The market mood was rather bearish yesterday, as the major US indices gave back a part of the early week gains. The S&P500 slid 0.67%, Nasdaq gave back 0.85%, and the Dow Jones eased 0.33%.  

One of the biggest gainers was Netflix which jumped 13% to meet its 200-DMA for the first time since January, while other FANG stocks, or MAMAA stocks, including Microsoft, did poorly on hawkish Fed expectations, as Minneapolis Fed President Kashkari said that the Fed could push the interest rates beyond 4.75% if inflation doesn’t stop rising. The US 2-year yield rallied above 4.50%, as the US dollar strengthened across the board.  

Mixed earnings, mixed sentiment

Mixed earnings didn’t really help improve sentiment.  

Procter & Gamble did better than the earnings and revenue expectations, but said that the sales for the fiscal year 2023 could fall between 1 to 3%.  

Nestle reported its strongest 9-month sales growth in 14 years, mostly driven by higher prices to offset rising costs, and raised its full-year guidance. But the latter could hardly give a boost to the share price, which fell around 1.30% yesterday. 

IBM also did better than analyst expectations, and boosted its full year profit forecast, and the stock lost 0.35%.  

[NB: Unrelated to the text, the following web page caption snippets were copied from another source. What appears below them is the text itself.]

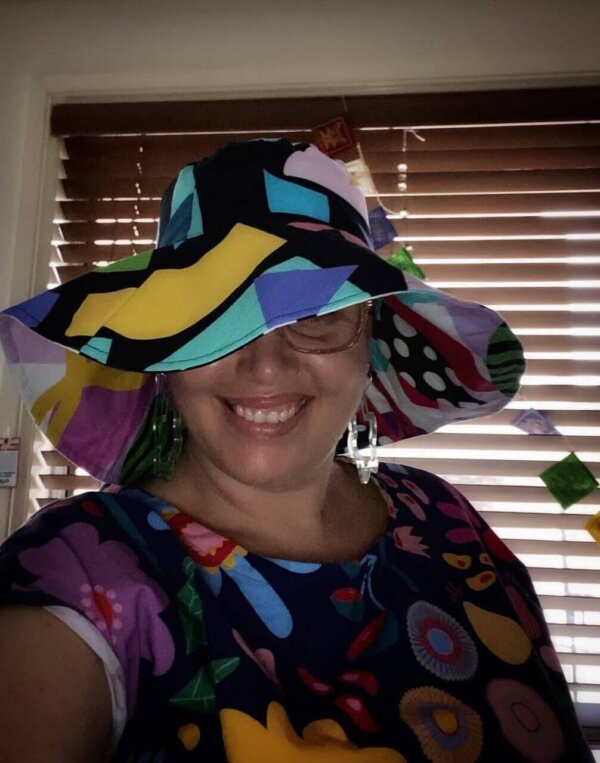 Shape up and Art attack 2-way Hat. Wearing Sunshine Garden dress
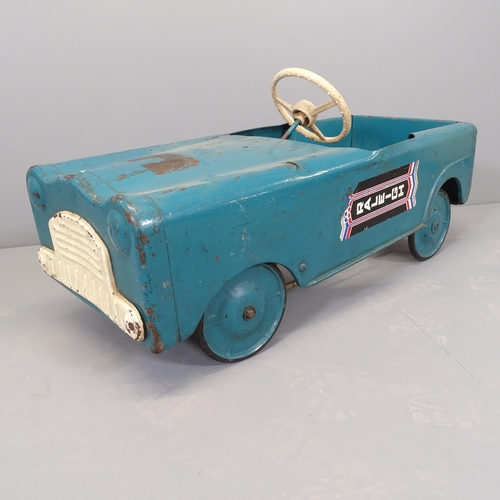 2511 - A vintage painted metal child's pedal car. Length 88cm.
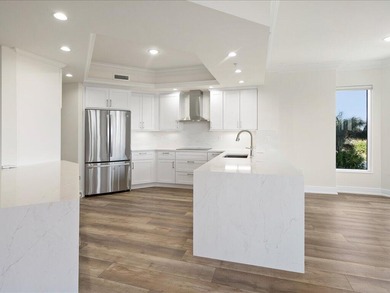 THIS CONDOMINIUM SOUNDS LIKE A DREAM COME TRUE. THE COMBINATION on Hammock Bay in Florida - for sale on GolfHomes.com, golf home, golf lot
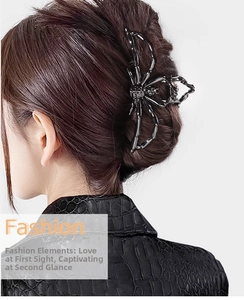 Close-up of a large black metal spider hair claw clip worn on a model in a leather jacket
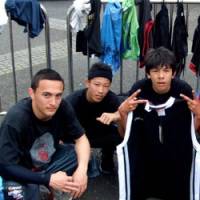 Streetwise: Yuki Sato (left), a member of Ballers of Beijing, hangs out at Yoyogi Park in Tokyo in April while another member of the group holds sportswear donated for a recycling project. | COURTESY OF G3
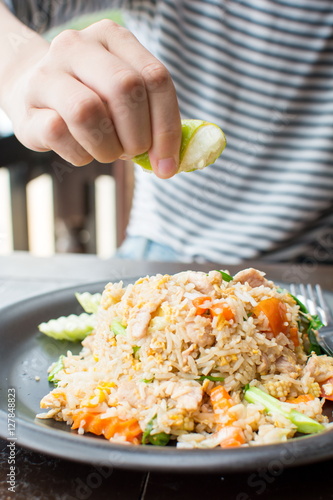 Female hand squeezing lime on fried rice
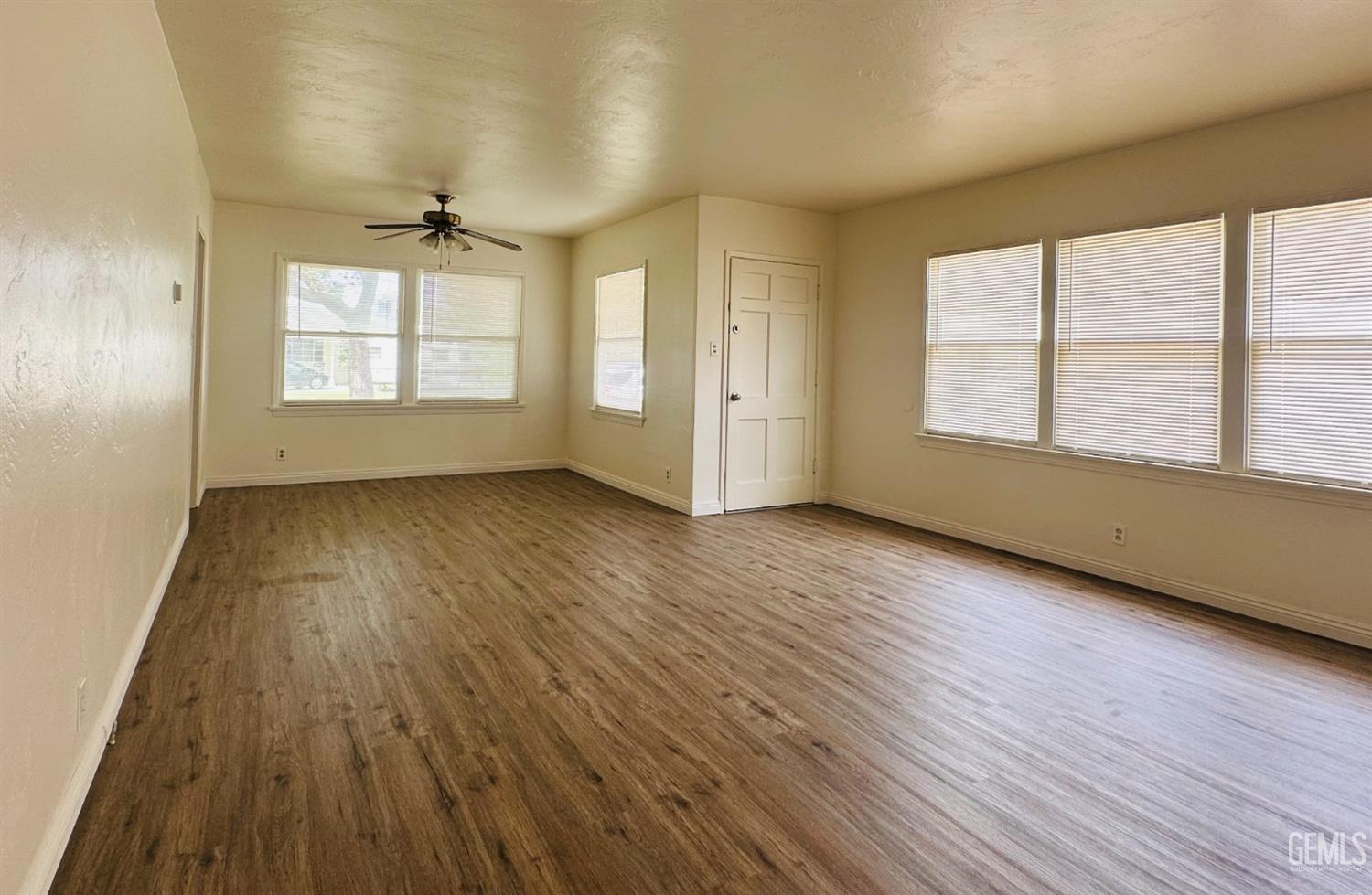 Undisclosed Address Bakersfield, CA 93308 - Photo 6 of 28 an empty room with wooden floor and windows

Tesla announced a better-than-expected earnings per share, but slightly missed on revenue expectations. The company said that the rising raw material prices and inefficiencies in the Berlin factory, combined to the strong US dollar weighed on results. And Tesla missing revenue expectations is not good for the stock price, as any misstep has the power of sending the share price aggressively lower. Tesla shares slipped more than 6% in the afterhours trading. That means that Tesla will be testing a critical support approaching the $200 support again, and could break it, if the market mood remains bearish.  

Philip Morris and Dow are due to announce earnings today, American Express and Barclay on Friday. 

Oil rebounds 

The barrel of American crude rebounded yesterday, after falling toward $82 earlier this week. With the recession fears already priced in, and with the US having played its ‘strategic oil reserve’ card, there is not much left to pull the price of a barrel below the $80/82 range. 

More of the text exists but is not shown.